# First, let's take a look at what our dataset looks like.

In [None]:
import pandas as pd
import matplotlib.pyplot as plt
import seaborn as sns

df = pd.read_csv("../input/elnino.csv")

# Remove extra space in columns
df.columns = [col.strip() for col in df.columns]

df.head()

In [None]:
# Air Temp summary statistics
df['Air Temp'] = pd.to_numeric(df['Air Temp'], errors='coerce')
df['Air Temp'].describe()

In [None]:
# Sea Surface Temp summary statistics
df['Sea Surface Temp'] = pd.to_numeric(df['Sea Surface Temp'], errors='coerce')
df['Sea Surface Temp'].describe()

# It's often easier to see relationships visually.
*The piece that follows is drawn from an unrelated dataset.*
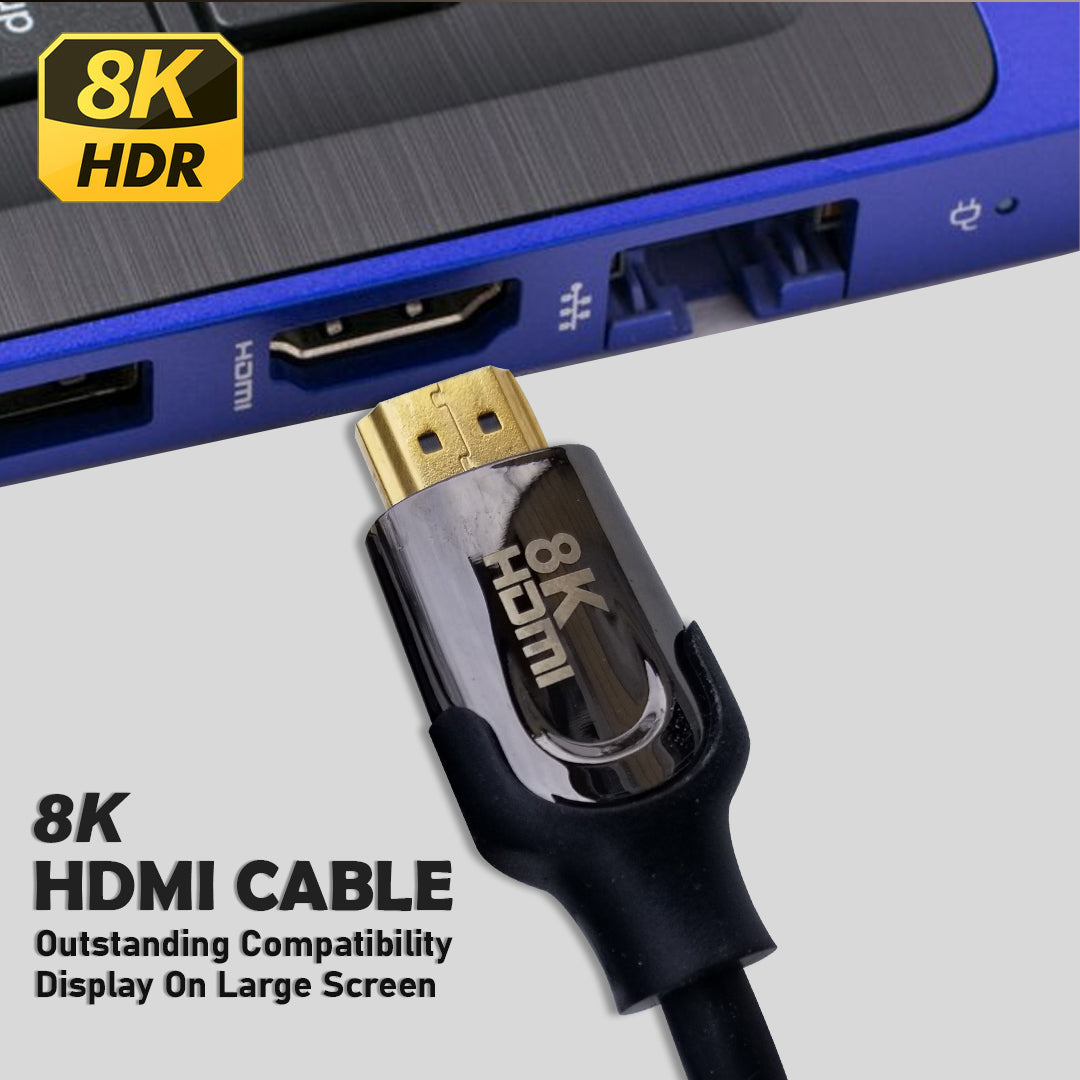 8k hdmi cable 6 FT  48Gbps high speed for Roku TV, Gaming, PC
Let's see if there's any relationship between Air Temp and Sea Surface Temp using a Seaborn joint scatterplot. 

In [None]:
sns.jointplot(x="Air Temp", y="Sea Surface Temp", data=df, size=7)

# Other ideas to explore:  
* How do the variables relate to each other?
* Which variables have a greater effect on the climate variations?
* Does the amount of movement of the buoy effect the reliability of the data?

# We might find more relationships by looking at a Seaborn heatmap.

In [None]:
# Drop some columns and nans before creating heat map.
df_num = df.drop(['Observation', 'Year', 'Month', 'Day', 'Date'], axis=1)
df_num = df_num.apply(pd.to_numeric, errors='coerce')
df_num = df_num.dropna()

sns.heatmap(df_num.corr(),linewidths=0.25,vmax=1.0, square=True, cmap="PuBuGn", linecolor='k', annot=True)

# Based on the heat map lets look at other joint plots.

In [None]:
sns.jointplot(x="Zonal Winds", y="Sea Surface Temp", data=df_num, size=7)

In [None]:
sns.jointplot(x="Air Temp", y="Humidity", data=df_num, size=7)